This is a database project for a music streaming startup Sparkify. Sparkify is looking to perform analytics on suscribers and the songs they are listening to. The raw data that Sparkify has is in two parts. The first is the list of songs that are available for listening to users. The second is a log of user activity on the app -- what songs they have listened to, and when. Both parts are in JSON format.
The data directory contains the raw data in JSON format that is processed. The song_data folder contains the files with information on each song available for listening (one song per file), with metadata about a song and the artist for that song. The log_data folder contains the files with information on listening sessions (one session per file), with metadata about the user, song listened to, and time spent listening.
The data from the song and log files are extracted with the help of the pandas library in Python. The files are stored in a Python dataframe and, where necessary, transformed into appropriate formats to be loaded into the SQL tables. For example, a column stored as a timestamp is converted to datetime format, which works better for the SQl tables.

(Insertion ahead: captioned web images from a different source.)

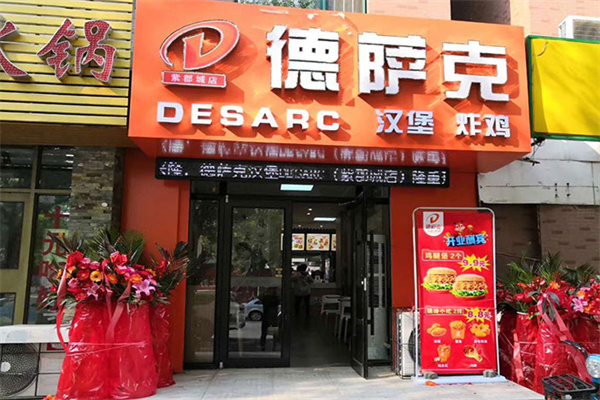 德萨克汉堡加盟费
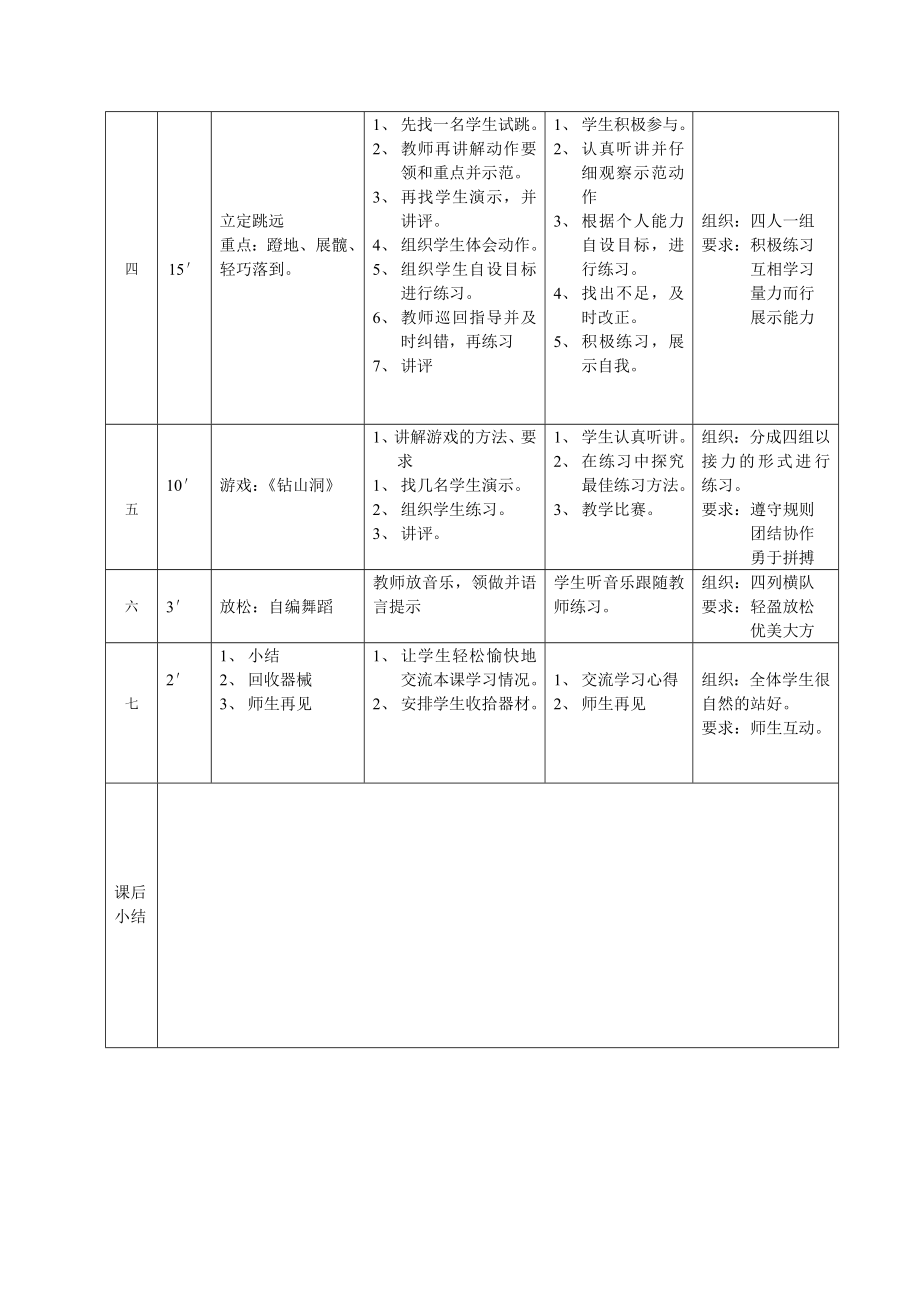 小学四级体育教案《立定跳远》 .doc_第2页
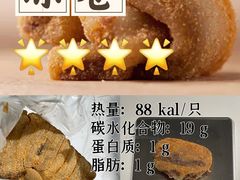 -闻酥园(青羊区文殊坊店)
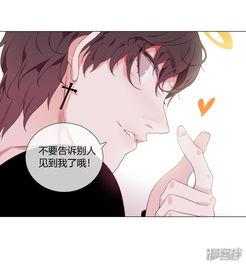 寂寞漫画,描绘孤独心灵的细腻画卷  第2张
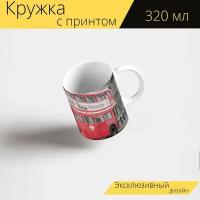 Кружка с рисунком, принтом "Автобус, англия, английский" 320 мл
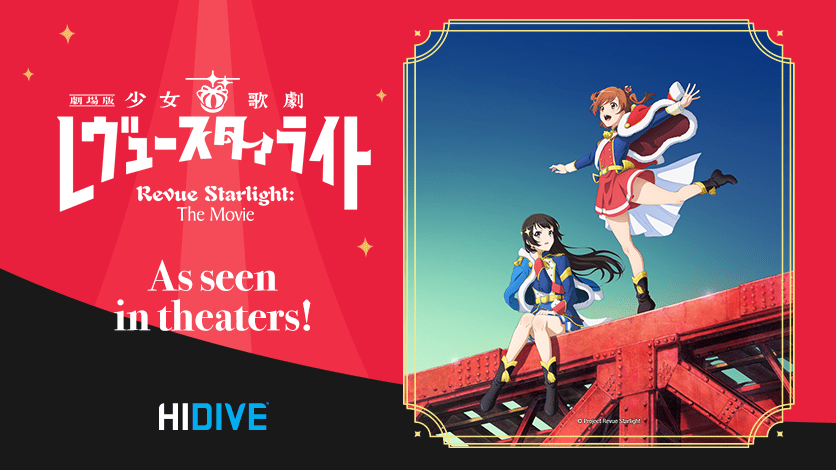 Revue Starlight: The Movie Makes HIDIVE Debut on August 24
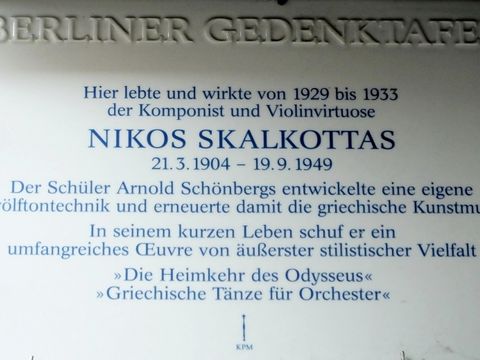 Bildvergrößerung: Gedenktafel für Nikos Skalkottas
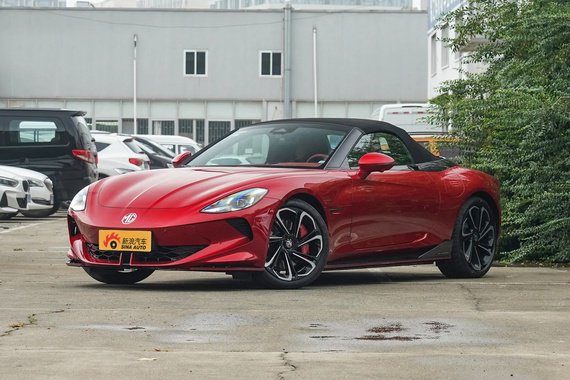 买车选择名爵MG Cyberster好不好？先问最高优惠0.76万您还满意吗？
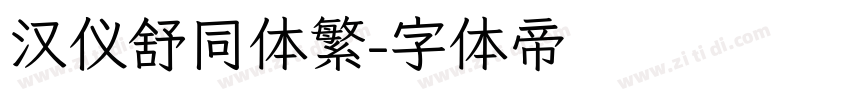 汉仪舒同体繁字体转换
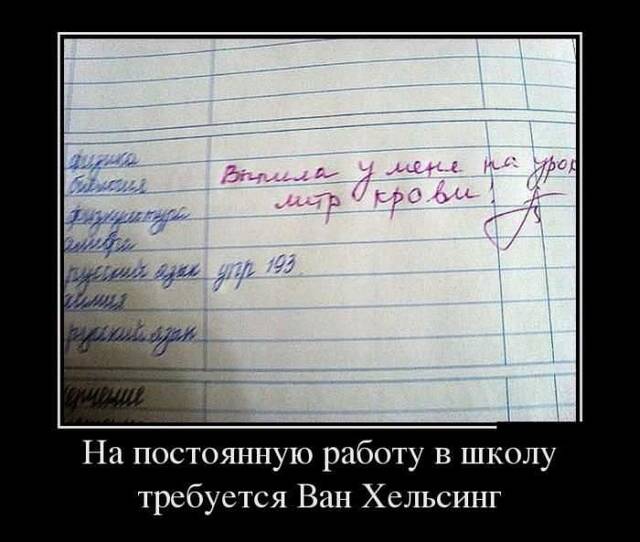 https://upforme.ru/uploads/0019/40/e6/72/578943.jpg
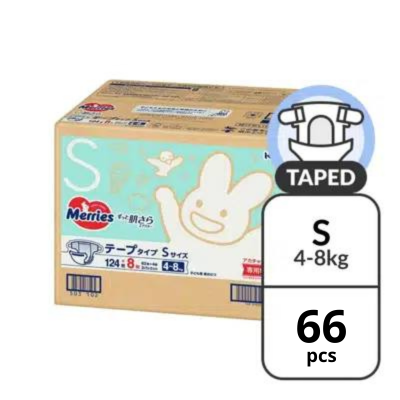 Merries Diapers - TAPE_2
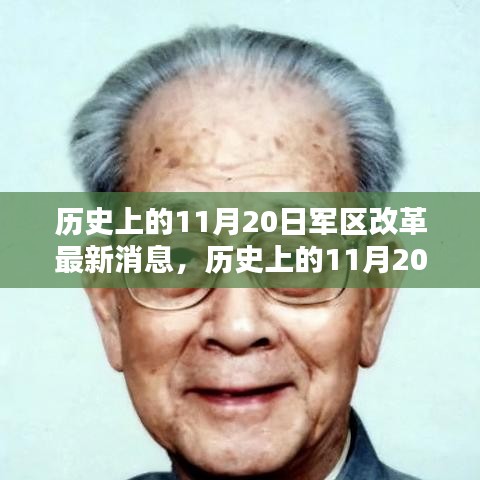 历史上的11月20日，军区改革最新消息全面评测与深度解读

Using the song and log datasets, a star schema is used and optimized for queries on song play analysis. This includes the following tables:
- songplays - records in log data associated with song plays
- songplay_id, start_time, user_id, level, song_id, artist_id, session_id, location, user_agent
- users - users in the app
- user_id, first_name, last_name, gender, level
- songs - songs in music database
- song_id, title, artist_id, year, duration
- artists - artists in music database
- artist_id, name, location, latitude, longitude
- time - timestamps of records in songplays broken down into specific units
- start_time, hour, day, week, month, year, weekday
- song_data and log_data - contains the raw song data and listening logs in JSON format
- sql_queries.py - contains the table creation, insert statements, and a query to search for a song
- create_tables.py - creates the database and executes statements in sql_queries.py
- etl.py - the main program, processes the data files to load the database
To run this project, download the project files and run python create_tables.py
, which will execute sql_queries.py. Then, run python etl.py
to perform the etl process. Running python test.ipynb
will show some of the data entered in the tables.